Une mission scientifique déployée à Ushuaia a lancé une vaste opération de surveillance environnementale pour déterminer s’il existe une circulation de hantavirus dans les zones proches de la ville la plus australe d’Argentine. L’enquête a été lancée après le foyer enregistré sur le navire de croisière Hondius.
Pendant plusieurs jours, des spécialistes ont installé environ 140 pièges à divers points stratégiques du sud de la Terre de Feu. Le travail a permis de capturer plus de cent rongeurs sauvages, bien qu’à ce jour aucun spécimen de souris à longue queue, considéré comme le principal vecteur de la souche la plus dangereuse du virus, n’ait été trouvé.
De plus, les autorités sanitaires ont indiqué que les échantillons obtenus seront envoyés à Buenos Aires pour réaliser des études épidémiologiques et virologiques plus approfondies. Les résultats définitifs pourraient être connus dans les semaines à venir.
L’opération s’est concentrée sur des secteurs proches d’Ushuaia, y compris une décharge qui avait été identifiée comme un possible lieu d’exposition du dénommé patient zéro lié à la croisière touristique.

Les rongeurs trouvés et la situation sanitaire à l’extrême sud
Les chercheurs ont principalement détecté des spécimens d’Abrothrix hirta et d’Abrothrix olivacea, deux espèces fréquentes dans les environnements australs. Selon les spécialistes, ces animaux peuvent porter le hantavirus, bien qu’ils ne présentent pas le même niveau de risque sanitaire associé à la souris à longue queue.
D’autre part, l’absence de la souris à longue queue dans les captures a généré un certain soulagement parmi les autorités provinciales. Les experts estiment que la faible présence de ce rongeur dans la région pourrait réduire les possibilités de propagation de la souche détectée dans d’autres régions du sud de l’Argentine et au Chili.
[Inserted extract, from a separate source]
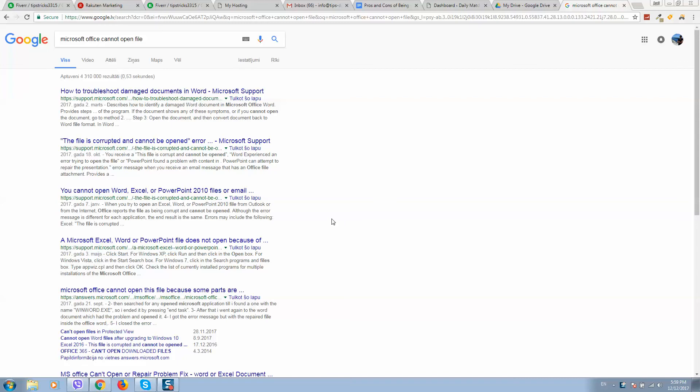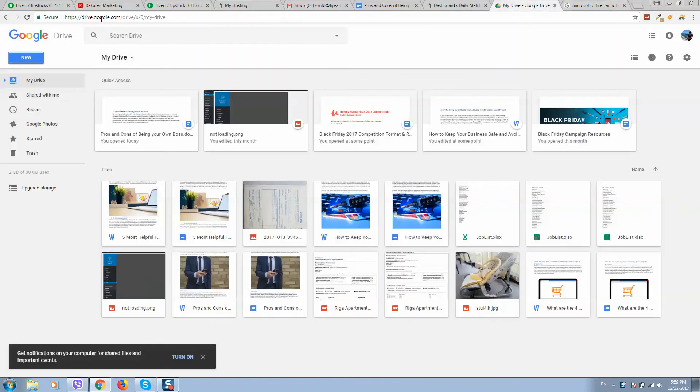What's up guys, if you got the same problem where Microsoft Office cannot open a file or any document and you don't have any time to fix this but you urgently need to open this file, go to google drive.google.com.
De plus, la Terre de Feu maintient une situation épidémiologique particulière. Depuis que la notification des cas de hantavirus est devenue obligatoire en 1996, la province n’a jamais enregistré de contagions confirmées liées à cette maladie.
Cependant, les équipes scientifiques soulignent l’importance de maintenir les surveillances environnementales, notamment face aux changements écologiques qui peuvent altérer la distribution naturelle des espèces sauvages porteuses de virus.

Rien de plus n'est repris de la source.